▶ [Raw data]:

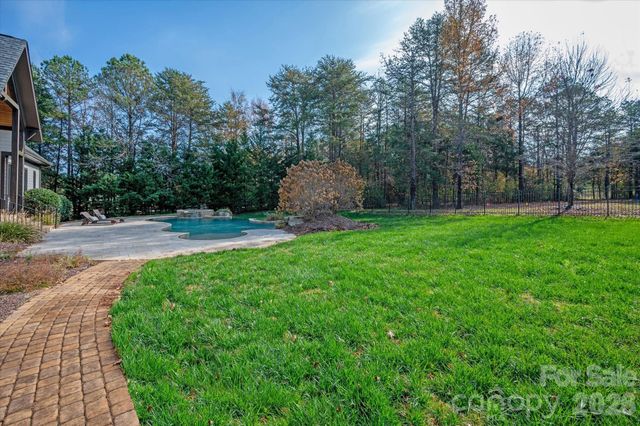 9809 Saddle Avenue, Waxhaw, NC 28173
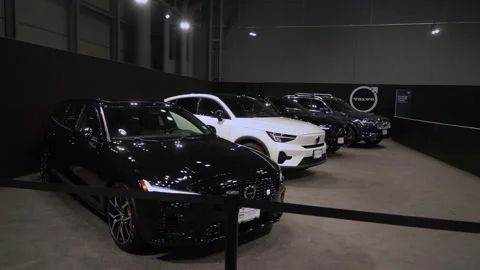 Showcase of Premium Vehicles at the Highly Anticipated Auto Exhibition Event Vidéo 291621971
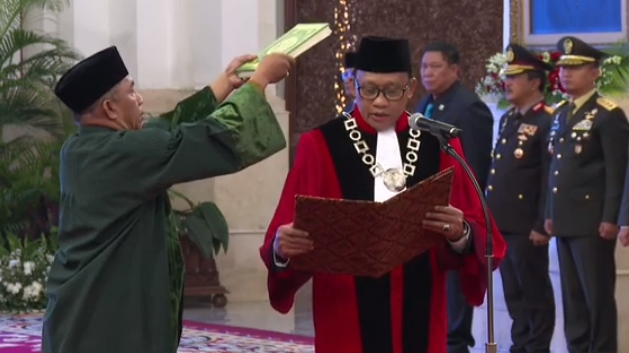 Breaking News! Ridwan Mansyur Ucap Sumpah Sebagai Hakim Konstitusi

▶ [Problem description]: Put each line of the listing above into the copy exactly, dropping the pictures.

▶ [Output]:
 9809 Saddle Avenue, Waxhaw, NC 28173
 Showcase of Premium Vehicles at the Highly Anticipated Auto Exhibition Event Vidéo 291621971
 Breaking News! Ridwan Mansyur Ucap Sumpah Sebagai Hakim Konstitusi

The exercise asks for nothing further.